Mao Lingchao, Wang Lujia, Hu Leland S, Eschbacher Jenny M, Leon Gustavo De, Singleton Kyle W, Curtin Lee A, Urcuyo Javier, Sereduk Chris, Tran Nhan L, Hawkins-Daarud Andrea, Swanson Kristin R, Li Jing
H. Milton Stewart School of Industrial and Systems Engineering, Georgia Institute of Technology, Atlanta, GA 30332 USA.
Department of Radiology at Mayo Clinic Arizona, Phoenix, AZ 85054 USA.
IEEE Trans Autom Sci Eng. 2024 Oct;21(4):6250-6264. doi: 10.1109/tase.2023.3323773. Epub 2023 Oct 23.
Precision medicine aims to provide diagnosis and treatment accounting for individual differences. To develop machine learning models in support of precision medicine, personalized models are expected to have better performance than one-model-fits-all approaches. A significant challenge, however, is the limited number of labeled samples that can be collected from each individual due to practical constraints. Transfer Learning (TL) addresses this challenge by leveraging the information of other patients with the same disease (i.e., the source domain) when building a personalized model for each patient (i.e., the target domain). We propose Weakly-Supervised Transfer Learning (WS-TL) to tackle two challenges that existing TL algorithms do not address well: (i) the target domain has only a few or even no labeled samples; (ii) how to integrate domain knowledge into the TL design. We design a novel mathematical framework of WS-TL to learn a model for the target domain based on paired samples whose order relationships are inferred from domain knowledge, while at the same time integrating labeled samples in the source domain for transfer learning. Also, we propose an efficient active sampling strategy to select informative paired samples. Theoretical properties were investigated. Finally, we present a real-world application in precision medicine of brain cancer, where WS-TL is used to build personalized patient models to predict Tumor Cell Density (TCD) distribution across the brain based on MRI images. WS-TL has the highest accuracy compared to a variety of existing TL algorithms. The predicted TCD map for each patient can help facilitate individually optimized treatment.
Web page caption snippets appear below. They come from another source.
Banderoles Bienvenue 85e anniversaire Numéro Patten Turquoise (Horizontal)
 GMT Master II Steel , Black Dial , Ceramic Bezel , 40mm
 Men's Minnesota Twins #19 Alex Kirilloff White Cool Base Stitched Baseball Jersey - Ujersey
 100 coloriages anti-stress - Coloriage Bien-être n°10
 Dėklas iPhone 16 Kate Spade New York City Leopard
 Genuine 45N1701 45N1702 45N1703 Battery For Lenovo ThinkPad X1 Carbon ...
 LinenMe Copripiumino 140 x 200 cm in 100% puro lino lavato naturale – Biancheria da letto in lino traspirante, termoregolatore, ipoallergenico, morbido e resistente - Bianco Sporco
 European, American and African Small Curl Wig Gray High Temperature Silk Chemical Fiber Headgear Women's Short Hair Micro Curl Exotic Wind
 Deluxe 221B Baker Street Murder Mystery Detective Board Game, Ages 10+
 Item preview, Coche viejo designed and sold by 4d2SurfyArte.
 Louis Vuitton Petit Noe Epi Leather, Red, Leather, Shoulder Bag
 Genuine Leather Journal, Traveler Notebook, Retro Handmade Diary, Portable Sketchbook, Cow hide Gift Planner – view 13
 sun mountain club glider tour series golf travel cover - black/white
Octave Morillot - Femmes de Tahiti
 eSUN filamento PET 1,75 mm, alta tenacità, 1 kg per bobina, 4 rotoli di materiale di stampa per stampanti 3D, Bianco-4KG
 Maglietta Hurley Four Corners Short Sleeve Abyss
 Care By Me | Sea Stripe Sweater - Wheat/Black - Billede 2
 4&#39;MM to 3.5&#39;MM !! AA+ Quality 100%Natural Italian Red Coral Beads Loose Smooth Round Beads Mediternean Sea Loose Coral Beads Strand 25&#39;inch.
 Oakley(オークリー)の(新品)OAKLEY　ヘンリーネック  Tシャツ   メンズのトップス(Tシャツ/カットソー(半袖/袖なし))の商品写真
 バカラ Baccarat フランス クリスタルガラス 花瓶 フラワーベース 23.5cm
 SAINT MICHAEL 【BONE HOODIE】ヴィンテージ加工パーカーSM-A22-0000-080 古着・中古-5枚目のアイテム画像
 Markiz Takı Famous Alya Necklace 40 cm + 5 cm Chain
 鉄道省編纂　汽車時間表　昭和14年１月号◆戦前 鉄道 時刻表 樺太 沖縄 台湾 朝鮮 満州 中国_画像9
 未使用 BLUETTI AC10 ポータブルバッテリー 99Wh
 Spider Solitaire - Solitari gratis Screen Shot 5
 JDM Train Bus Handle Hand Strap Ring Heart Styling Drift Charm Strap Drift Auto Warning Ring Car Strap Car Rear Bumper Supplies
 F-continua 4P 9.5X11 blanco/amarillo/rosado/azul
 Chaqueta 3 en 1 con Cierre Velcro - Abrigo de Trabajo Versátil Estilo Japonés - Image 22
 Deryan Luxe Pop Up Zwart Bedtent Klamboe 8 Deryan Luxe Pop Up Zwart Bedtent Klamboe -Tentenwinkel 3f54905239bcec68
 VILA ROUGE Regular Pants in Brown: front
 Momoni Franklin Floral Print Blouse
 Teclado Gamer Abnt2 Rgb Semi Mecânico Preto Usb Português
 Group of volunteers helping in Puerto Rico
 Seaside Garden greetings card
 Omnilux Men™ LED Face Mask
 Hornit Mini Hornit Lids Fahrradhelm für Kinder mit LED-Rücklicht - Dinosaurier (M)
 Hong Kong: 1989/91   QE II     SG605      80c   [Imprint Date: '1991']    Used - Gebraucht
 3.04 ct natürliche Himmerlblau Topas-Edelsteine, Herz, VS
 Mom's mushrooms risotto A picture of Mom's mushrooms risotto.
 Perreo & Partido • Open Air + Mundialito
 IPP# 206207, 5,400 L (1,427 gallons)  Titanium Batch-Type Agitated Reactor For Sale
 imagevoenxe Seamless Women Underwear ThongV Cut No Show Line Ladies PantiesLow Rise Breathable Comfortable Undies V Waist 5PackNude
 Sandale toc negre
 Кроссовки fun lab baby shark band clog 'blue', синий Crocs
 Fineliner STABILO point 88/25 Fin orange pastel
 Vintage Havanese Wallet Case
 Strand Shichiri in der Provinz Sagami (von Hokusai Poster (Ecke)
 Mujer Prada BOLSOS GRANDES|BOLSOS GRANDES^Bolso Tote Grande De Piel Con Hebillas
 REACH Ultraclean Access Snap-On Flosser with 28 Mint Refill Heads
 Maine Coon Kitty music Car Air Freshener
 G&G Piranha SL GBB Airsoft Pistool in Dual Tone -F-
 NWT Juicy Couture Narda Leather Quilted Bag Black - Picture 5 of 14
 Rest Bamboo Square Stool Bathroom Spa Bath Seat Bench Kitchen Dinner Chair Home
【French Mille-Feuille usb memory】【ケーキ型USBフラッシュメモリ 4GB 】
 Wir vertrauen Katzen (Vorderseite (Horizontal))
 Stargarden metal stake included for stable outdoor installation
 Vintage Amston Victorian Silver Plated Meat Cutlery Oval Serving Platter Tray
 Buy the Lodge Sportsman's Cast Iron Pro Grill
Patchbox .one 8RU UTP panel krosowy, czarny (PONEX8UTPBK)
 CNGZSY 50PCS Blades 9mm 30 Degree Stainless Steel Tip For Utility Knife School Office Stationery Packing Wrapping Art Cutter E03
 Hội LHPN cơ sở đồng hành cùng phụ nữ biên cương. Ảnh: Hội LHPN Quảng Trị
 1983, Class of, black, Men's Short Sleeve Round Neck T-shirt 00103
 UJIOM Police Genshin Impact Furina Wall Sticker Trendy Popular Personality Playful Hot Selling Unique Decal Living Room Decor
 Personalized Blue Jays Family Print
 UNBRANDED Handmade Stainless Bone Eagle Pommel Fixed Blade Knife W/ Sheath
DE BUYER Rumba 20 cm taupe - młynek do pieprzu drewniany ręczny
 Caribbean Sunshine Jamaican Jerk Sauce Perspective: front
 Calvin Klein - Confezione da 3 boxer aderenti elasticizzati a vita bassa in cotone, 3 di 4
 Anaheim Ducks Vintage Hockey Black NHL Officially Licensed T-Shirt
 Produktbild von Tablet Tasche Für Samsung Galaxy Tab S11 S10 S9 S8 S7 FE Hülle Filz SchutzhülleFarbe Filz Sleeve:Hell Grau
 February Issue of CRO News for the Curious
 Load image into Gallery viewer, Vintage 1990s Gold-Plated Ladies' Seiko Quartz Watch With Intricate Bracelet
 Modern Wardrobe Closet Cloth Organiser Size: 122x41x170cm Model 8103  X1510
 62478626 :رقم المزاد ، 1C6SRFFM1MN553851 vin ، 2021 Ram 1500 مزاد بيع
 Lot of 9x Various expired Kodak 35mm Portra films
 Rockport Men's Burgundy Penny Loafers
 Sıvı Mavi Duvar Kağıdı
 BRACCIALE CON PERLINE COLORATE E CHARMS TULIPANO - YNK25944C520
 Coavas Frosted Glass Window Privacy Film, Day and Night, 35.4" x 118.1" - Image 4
精准医学旨在根据个体差异提供诊断和治疗。为了开发支持精准医学的机器学习模型,个性化模型有望比一刀切的方法具有更好的性能。然而,一个重大挑战是由于实际限制,从每个个体收集的标记样本数量有限。迁移学习(TL)通过在为每个患者(即目标域)构建个性化模型时利用患有相同疾病的其他患者(即源域)的信息来应对这一挑战。我们提出弱监督迁移学习(WS-TL)来解决现有TL算法未很好解决的两个挑战:(i)目标域只有少量甚至没有标记样本;(ii)如何将领域知识整合到TL设计中。我们设计了一种新颖的WS-TL数学框架,基于从领域知识推断出顺序关系的配对样本为目标域学习一个模型,同时整合源域中的标记样本进行迁移学习。此外,我们提出了一种高效的主动采样策略来选择信息丰富的配对样本。研究了理论性质。最后,我们展示了WS-TL在脑癌精准医学中的实际应用,其中WS-TL用于基于MRI图像构建个性化患者模型,以预测整个大脑的肿瘤细胞密度(TCD)分布。与各种现有TL算法相比,WS-TL具有最高的准确率。为每个患者预测的TCD图有助于促进个体化的优化治疗。